Sécheresse : la Confédération Paysanne demande un soutien pour l’agriculture « au moins aussi fort que celui apporté au tourisme »
C’est un rendez-vous presque hebdomadaire par temps sec. Le comité sécheresse s’est réuni en préfecture mardi 19 juillet. Chaque profession dépendante de l’eau y défend ses intérêts, tout comme les associations de défense de l’environnement ou de consommateurs dont les sièges se comptent sur les doigts d’une main.
Ces comités commencent toujours par un point de situation donné par les gestionnaires de l’eau, dont Météo France, des organismes de gestion des cours d’eau, l’ARS et EDF. Le constat est clair et inchangé par rapport aux précédentes semaines : bientôt six mois se sont écoulés sans pluie conséquente, et l’énorme déficit de neige de cet hiver a considérablement limité les stocks d’eau en montagne, la situation reste donc « catastrophique » selon la Confédération Paysanne des Hautes-Alpes.
Au sein du comité, les élus ruraux commencent à dire leur inquiétude sur l’approvisionnement dans leur commune. Le secteur du tourisme – structures d’eau-vive ou de loisirs sur lacs – trouve une bonne oreille dans ces réunions, des dires de la Confédération. Le monde agricole, plus gros consommateur d’eau, est sévèrement impacté par les restrictions imposées ou décidées en interne par les agriculteurs.
En effet, les bassins versants du Buëch-Méouge et de l’AEygues sont placés en alerte renforcée depuis le 8 juillet, la Durance et le Drac-Gapençais en alerte et le reste des Hautes-Alpes en vigilance.
Concrètement, l’« alerte renforcée » est le dernier niveau de gravité avant celui de « crise ». Il implique notamment l’interdiction d’irriguer entre 9h et 19h par aspersion et en gravitaire – c’est à dire par des réseaux de canaux dans lesquels l’eau déviée des cours s’écoule par gravité. Seule exception : le gravitaire dit « maîtrisé » pour les eaux de la Durance.
Ceci étant, la Confédération Paysanne rappelle que 80 % des surfaces cultivées dans les Hautes-Alpes ne sont pas irriguées et fonctionnent « au pluvial », fourrages et céréales essentiellement. Restrictions ou pas, ces agriculteurs là n’ont aucune solution pour pallier l’absence de pluie. Leurs rendements se sont effondrés cette année rapporte Thomas Raso, représentant ‘Eau » de la Confédération Paysanne au sein du comité sécheresse.

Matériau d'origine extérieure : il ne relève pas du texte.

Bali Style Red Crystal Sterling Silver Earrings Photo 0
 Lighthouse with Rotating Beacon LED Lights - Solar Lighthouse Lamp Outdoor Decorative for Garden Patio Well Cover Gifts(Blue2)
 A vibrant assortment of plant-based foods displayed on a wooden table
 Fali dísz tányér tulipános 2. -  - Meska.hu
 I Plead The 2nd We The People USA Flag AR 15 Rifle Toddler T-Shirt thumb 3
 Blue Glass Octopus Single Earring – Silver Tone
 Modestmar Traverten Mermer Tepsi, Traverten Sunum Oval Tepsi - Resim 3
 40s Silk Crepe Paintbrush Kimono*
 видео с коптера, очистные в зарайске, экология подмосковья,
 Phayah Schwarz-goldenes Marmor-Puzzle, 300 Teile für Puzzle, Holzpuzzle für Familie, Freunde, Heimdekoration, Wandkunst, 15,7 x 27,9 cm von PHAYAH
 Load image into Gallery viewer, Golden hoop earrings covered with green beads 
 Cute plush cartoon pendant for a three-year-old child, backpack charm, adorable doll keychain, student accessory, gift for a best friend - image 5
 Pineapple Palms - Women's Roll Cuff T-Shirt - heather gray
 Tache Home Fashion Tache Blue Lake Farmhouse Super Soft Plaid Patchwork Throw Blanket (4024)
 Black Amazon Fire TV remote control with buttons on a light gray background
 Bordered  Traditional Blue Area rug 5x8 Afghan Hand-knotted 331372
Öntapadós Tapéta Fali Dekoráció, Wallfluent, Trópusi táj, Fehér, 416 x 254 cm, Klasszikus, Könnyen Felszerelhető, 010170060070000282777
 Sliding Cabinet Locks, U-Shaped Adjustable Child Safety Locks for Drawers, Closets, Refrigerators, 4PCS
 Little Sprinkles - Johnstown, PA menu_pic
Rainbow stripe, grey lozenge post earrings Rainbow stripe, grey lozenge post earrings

Les agriculteurs bougent les animaux sur plusieurs kilomètres pour aller les faire boire, avec des conséquences sur le rendement de lait, l’épuisement des agriculteurs
Depuis le mois de juin, des agriculteurs du sud des Hautes-Alpes ont décidé collectivement l’abandon de certaines cultures. En priorité celles à faible valeur ajoutée comme les fourrages. À l’inverse, l’arboriculture, le maraîchage et la production de semences peuvent difficilement être sacrifiés. Une manière de diminuer les prélèvements en eau pour montrer la bonne foi des agriculteurs… et éventuellement obtenir des contreparties ailleurs, comme cette baisse des débits réservées « demandée et accordée » sur le Buëch, explique Thomas Raso.
Le comité sécheresse tente de gérer conjointement l’urgence et le long-terme. L’urgence, c’est limiter la casse tout de suite, à travers des restrictions d’usage ou des dérogations sur les débits réservés. Le long-terme, c’est faire en sorte que ces dérogations restent exceptionnelles en adaptant les modes de culture et d’irrigation.
Aujourd’hui, l’une des principales inquiétudes de l’agriculture haut-alpine porte sur les fourrages. Si les fermes non-irriguées en produisent moins et que les autres le sacrifient au profit d’autres cultures, comment nourrir les bêtes cet hiver ?
Les prés qui sont à l’irrigation, en temps normal, produisent beaucoup de fourrages […] et en vendent à ceux qui en produisent moins.
Le comité sécheresse du 19 juillet a durci les restrictions sur le Champsaur et le Drac Gapençais, relativement épargnés jusqu’ici. Ailleurs, peu d’évolution mais « au vu des prévisions météo des prochains jours, nous ne sommes pas à l’abri de restrictions supplémentaires » précise Thomas Raso.
Ce maraîcher installé en agriculture biologique à Garde-Collombe l’assure, l’État et les collectivités devront jouer la solidarité avec les agriculteurs, sans quoi il faut s’attendre à des fermetures d’exploitations.